Riannna - It's a hard slog, but it does finally feel like things are going somewhere. It's better to know they DO want to see me again for more information rather than waiting on a yes or no decision. I'll give it my best.

Danni Bear
12-05-2010, 05:22 AM
Kokoro,

It is in the SoC that there not be a classified impairment to mental health. It is not required for diaganosis but is there for guidence in treatment. Many clinics use that acessment to help determine the pace of treatment and transition.Every individual is different in how fast and what needs to be accomplished before starting and during transition. The SoC is only a guide, not an absolute rule.

If mental problems were able to stop transition, I would never have been able to. I have suffered from manic/depressive disorder for most of my life with bouts of clinical depression and suicidal tendencies. There have been multiple hospitalizations over many years yet I still transitioned in 2000. Be honest with them and you will go forward, doubts are normal for us all. If we didn't have them, then the DR's get worried about our mental states. This is a life changing journey and one that is hard for anyone to take.

Danni

Kokoro
12-06-2010, 11:52 AM
Well, I'm back from my appointment with the Psychologist. I don't think it could have gone any better!

The session began with him telling me that he had spoken to the Gender Clinic and based on what we had discussed in our previous meeting I was being referred to the clinic for therapy. I asked him what this would entail and it would basically be similar to his session with me but more specialist in order to establish my gender as (as I correctly assumed) he believed I was confused about my gender and would require another psychiatric assessment if after that I wanted to go through with gender reassignment. My immediate reaction to this was 'Oh for goodness sake, not even more prodding and poking. I want to move forward!'. So I told him.

As per suggestions in this thread I handed him a print off of some of the posts I've made on this board over the past few weeks. While he was reading it I told him that in our last session I'd attempted to be analytical and logical about my predicament and wasn't properly conveying my feelings of how I felt. I more or less just answered his questions and expected him to tell me whether I have gender dysphoria or not and to what extend. To put it into perspective for him, I told him if he was to say to me that I could no longer proceed with treatment and that this was the end of it I wouldn't be able to continue living my life the way I am now. I'd probably be able to cope, but I'd be miserable. Knowing how I've felt for the lest 10 years or so and facing the prospect of shouldering that burden for the next 50 or 60 year is simply not a possibility. I explained that any misgivings I have are down to facing the transition itself. There's the chance my parents could dis-own me over it, may cause many problems for my social life, career and marriage/child prospects etc. It's these that are/were holding me back rather than a desire to be male. Seeing if I could 'make do' being a male wasn't an option.

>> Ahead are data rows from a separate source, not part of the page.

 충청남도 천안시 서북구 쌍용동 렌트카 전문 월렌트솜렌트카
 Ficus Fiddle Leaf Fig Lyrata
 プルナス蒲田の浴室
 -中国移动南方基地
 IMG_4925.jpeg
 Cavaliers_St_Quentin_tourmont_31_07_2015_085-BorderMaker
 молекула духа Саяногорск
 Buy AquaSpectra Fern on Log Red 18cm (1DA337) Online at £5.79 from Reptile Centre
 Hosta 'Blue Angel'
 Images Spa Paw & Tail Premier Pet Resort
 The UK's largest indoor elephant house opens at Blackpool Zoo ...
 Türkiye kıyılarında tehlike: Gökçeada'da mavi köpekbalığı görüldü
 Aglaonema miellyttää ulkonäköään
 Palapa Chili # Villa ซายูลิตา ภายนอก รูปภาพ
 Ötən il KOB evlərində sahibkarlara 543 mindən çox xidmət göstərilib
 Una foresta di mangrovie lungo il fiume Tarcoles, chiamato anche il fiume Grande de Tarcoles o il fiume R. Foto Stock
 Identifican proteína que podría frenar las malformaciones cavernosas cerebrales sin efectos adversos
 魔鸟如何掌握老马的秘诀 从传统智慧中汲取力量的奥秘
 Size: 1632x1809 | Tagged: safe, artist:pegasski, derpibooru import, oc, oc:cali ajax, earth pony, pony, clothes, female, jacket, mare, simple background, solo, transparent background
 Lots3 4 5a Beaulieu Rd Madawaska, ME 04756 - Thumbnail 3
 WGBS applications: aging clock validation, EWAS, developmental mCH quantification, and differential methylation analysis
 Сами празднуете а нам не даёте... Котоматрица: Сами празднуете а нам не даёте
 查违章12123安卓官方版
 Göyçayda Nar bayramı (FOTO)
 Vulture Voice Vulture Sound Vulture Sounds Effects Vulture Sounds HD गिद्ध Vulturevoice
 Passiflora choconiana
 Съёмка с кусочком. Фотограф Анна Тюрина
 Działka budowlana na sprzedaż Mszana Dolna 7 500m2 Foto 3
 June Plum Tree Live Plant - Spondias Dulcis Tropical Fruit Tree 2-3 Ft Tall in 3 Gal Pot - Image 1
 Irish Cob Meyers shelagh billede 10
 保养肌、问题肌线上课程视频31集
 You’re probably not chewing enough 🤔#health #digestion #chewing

After listening to me he asked me if I had made up my mind and that if I wanted to be female I answered 'Yes, I do. I'm scared and apprehensive about going through a transition but I want to be female, not male'. He then told me that because I'd decided which direction to take he could refer me directly to the gender reassignment portion (which covers everything from gender therapy to SRS) of the clinic and would not need to go through more therapy and more psychiatric tests to establish which gender I wish to be.

I know it sounds like I've deliberately said this to get treatment, but I do want the treatment. Know I know it's an eventuality, not a possibility I am over the moon. I can't wait to get my appointment letter and start. I almost can't believe things are finally moving forward and I'll finally get some treatment for this. I'm so happy and excited.

Kaitlyn Michele
12-06-2010, 12:17 PM
You are not the first person to say what you needed to say to keep progressing...it really is amazing how gatekeepers can impact our lives...even with the best intentions... there is no question that I said things to make sure I got the right "diagnosis"...in the end i wasnt diagnosed...i just said "i want to start HRT" and later "i want to transition" and in each case my terrific therapist agreed and supported me and was careful to say she wasnt judging me and wouldnt judge me if i changed my mind..

..over time you will make progress on how you feel...you will either realize that your own negative feelings towards transness have been hurting you, or your own indecision is simply that...or even that you tried it and didnt like it...whatever you find out, its important that you are open and honest with yourself above all else...if you can do this, you can control the gatekeepers rather than have them control you!!! its so simple and obvious to me now, but only through hindsight can i really understand how i navigated through the last 5 years of my life..the best case scenario is you get a good therapist and he/she can be more of guide and sounding board for you and not really a gatekeeper..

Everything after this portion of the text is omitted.